The British Columbia Court of Appeal recently confirmed that a partnership is not a separate legal entity from its partners. Consequently, partners cannot be considered employees of the partnership to which they belong.
In McCormick v. Fasken Martineau DuMoulin a partner brought a complaint against his law firm, challenging the mandatory retirement clause in the partnership agreement. He alleged that forcing him to retire at age 65 was discrimination in employment on the basis of age, contrary to s. 13 of the Human Rights Code. The firm applied to dismiss the complaint on the basis that partners are not employees and, therefore, are not covered by s. 13.
The BC Human Rights Tribunal considered the partnership agreement and the firm’s operations and found that the partner’s role in the firm fell within the definition of employment under the Code. That decision was upheld by the Supreme Court of British Columbia on judicial review.
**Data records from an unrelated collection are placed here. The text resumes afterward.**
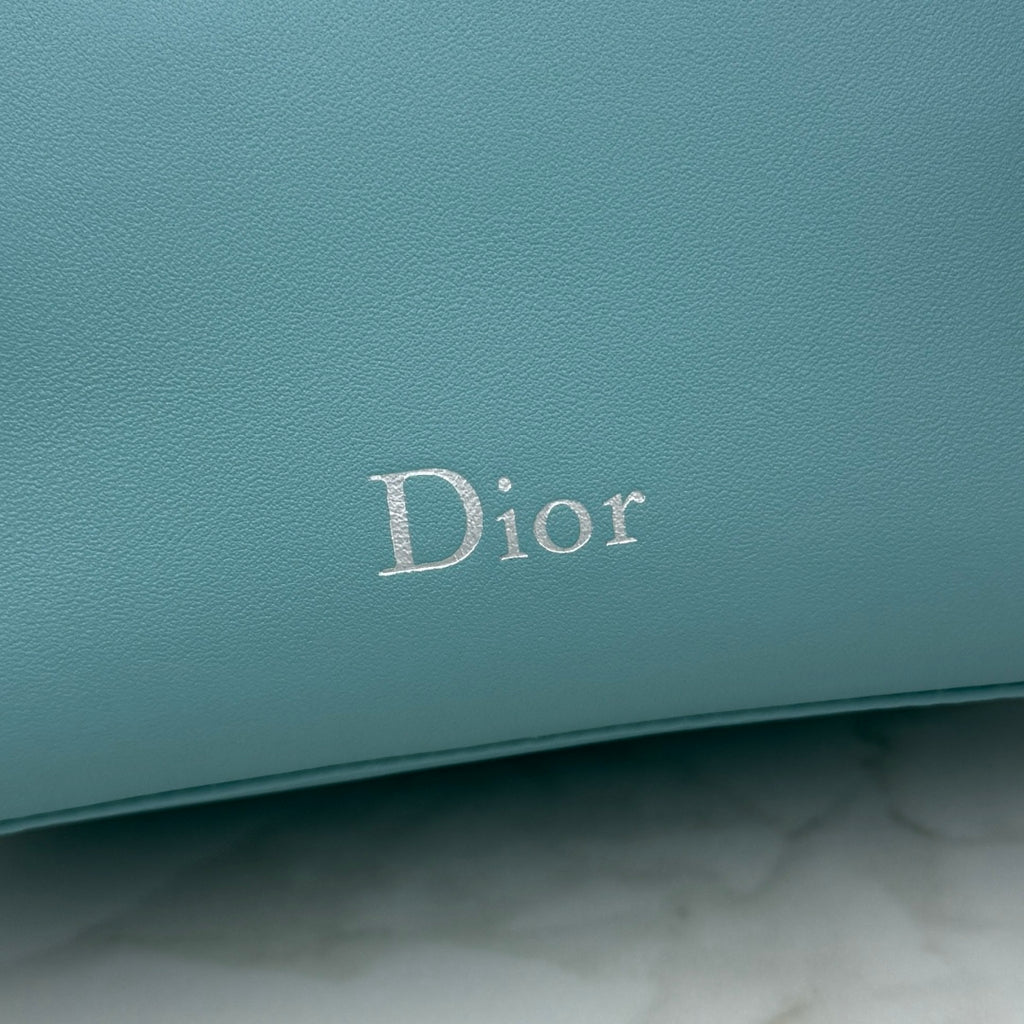 Dior D-Cushion Camera Bag — Tourmaline Blue Ultra-Soft Lambskin with Silver Hardware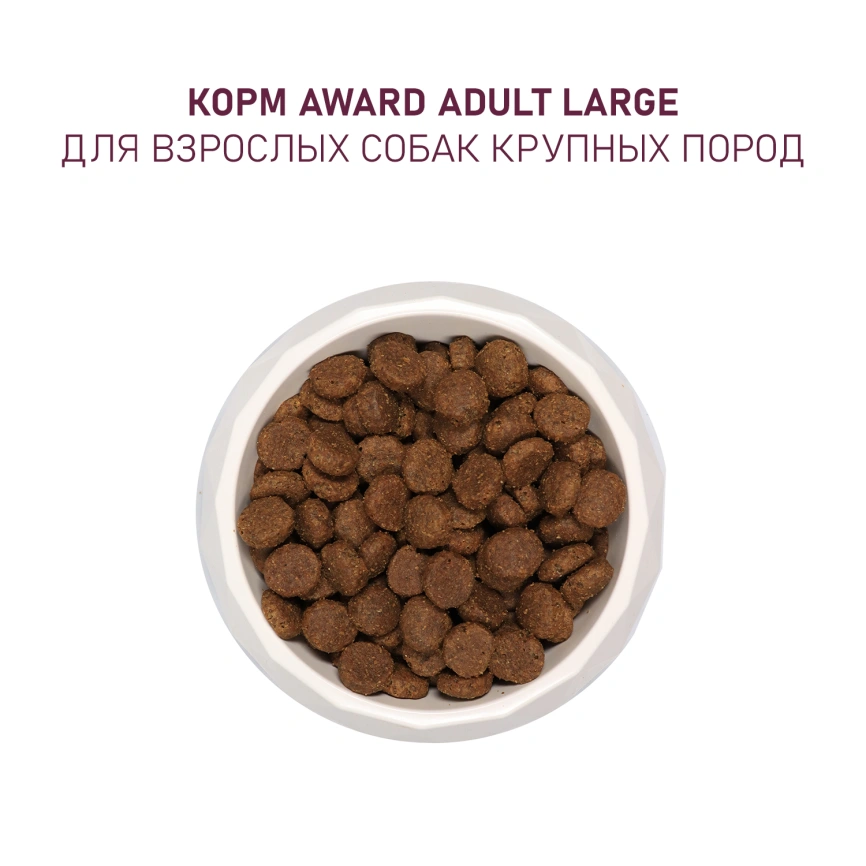 Сухой корм AWARD Turkey & Chicken & Pumpkin для взрослых собак крупных пород с индейкой, курицей и тыквой, 12 кг фото 6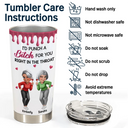 Gift For Bestie, Old Best friends, Gifts For Colleagues, Funny - Right In The Throat 3D Bestie - Personalized Tumbler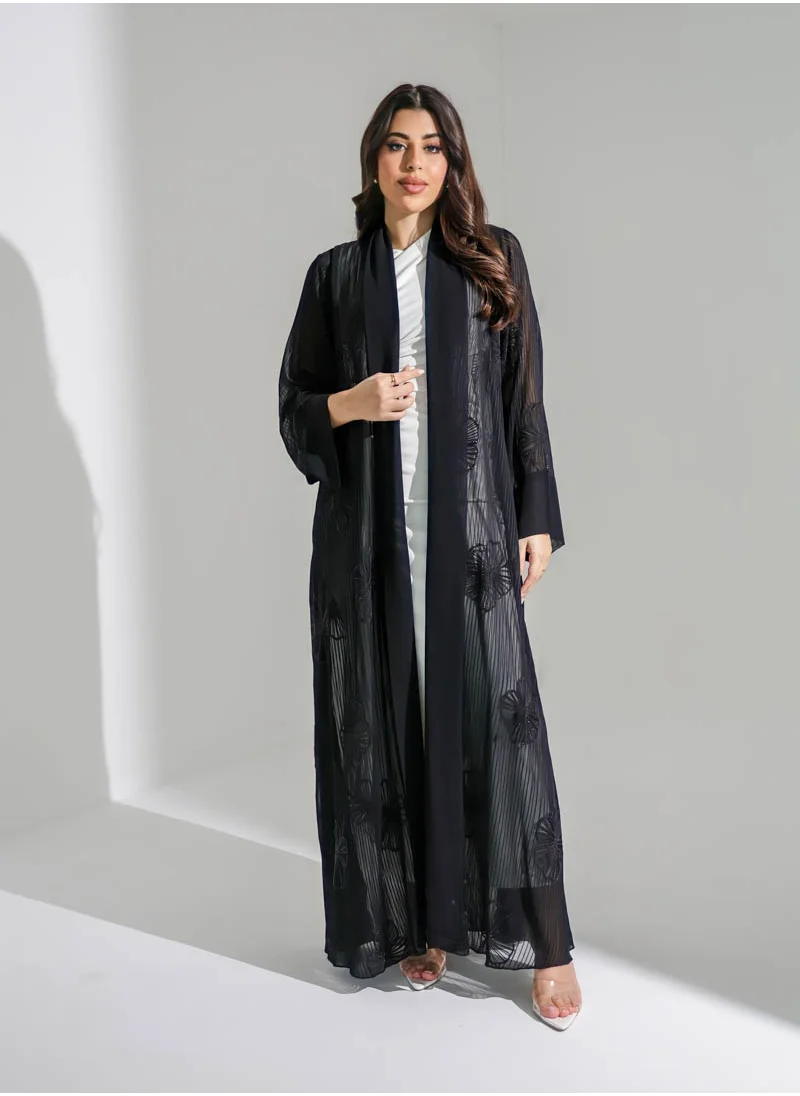آرا Black Abaya with Embroidery and Stonework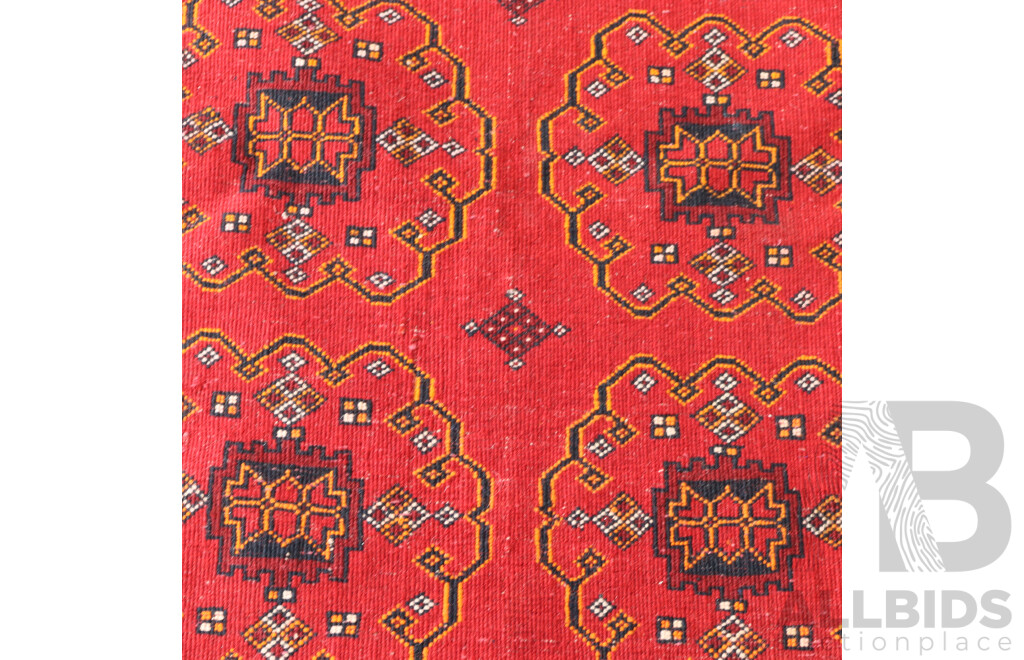 Hand Knotted Afghan Wool Rug with Deep Madder Red Colouration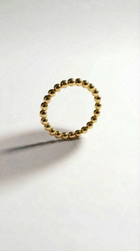 Delicate Beads Stackable Gold Ring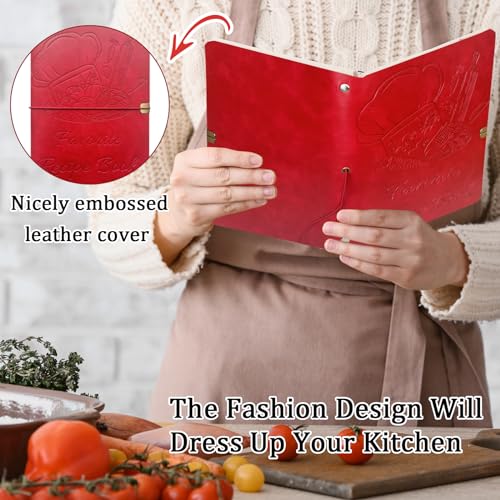 Image of leeveel Blank Recipe Book to Write in Your Own Recipes, 5.6 X 8.2 Recipe Ring Binder with PU Leather Cover, Recipe Journal with 160 Recipes (red)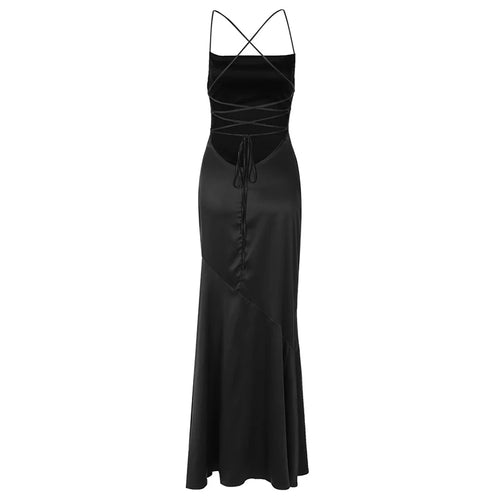 Load image into Gallery viewer, Spaghetti Strap Backless Sexy Maxi Dress Women Gown Black Satin Slipdress Sleeveless High Waist Club Party Long Dress
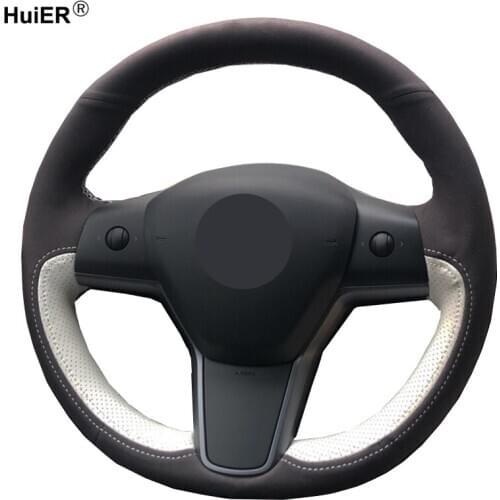 Hand Sewing Car Steering Wheel Cover DIY Wrap Suede Braid on the Steering wheel Volant For Tesla Model 3 2017 2018 2019 2020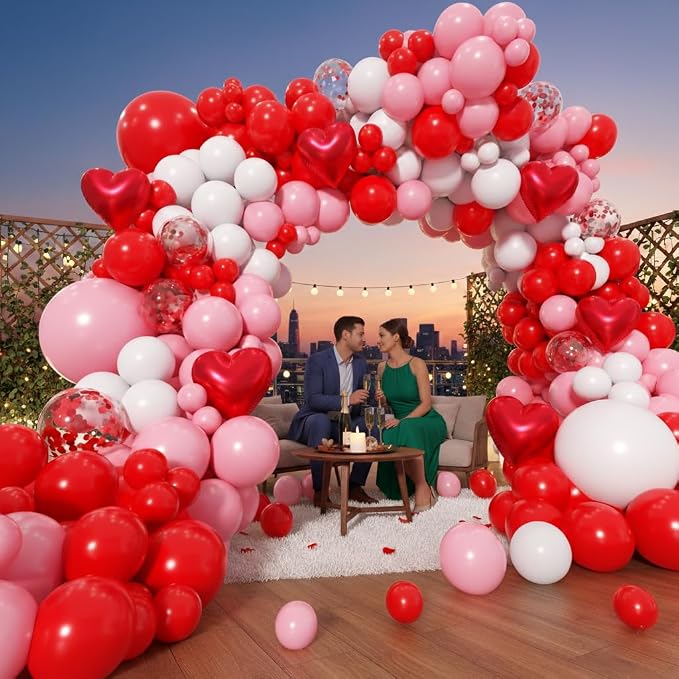 Valentines Day Balloons Garland Arch Kit - Different Size Red Pink White Balloons and Heart Foil Balloons for Valentine's Day Galentine's Day Engagement Anniversary Party Decoration Supplies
On appeal, the BC Court of Appeal held that for the Tribunal to have jurisdiction over a discrimination in employment complaint, there has to be a relationship between two entities: an employer and an employee. The Court determined that “a partnership is not a separate entity from its partners, and a partner cannot be an employee of, or employed by, a partnership of which he is a member.” As a result, provisions of the Code which contemplate an employment relationship are not available to partners in a partnership.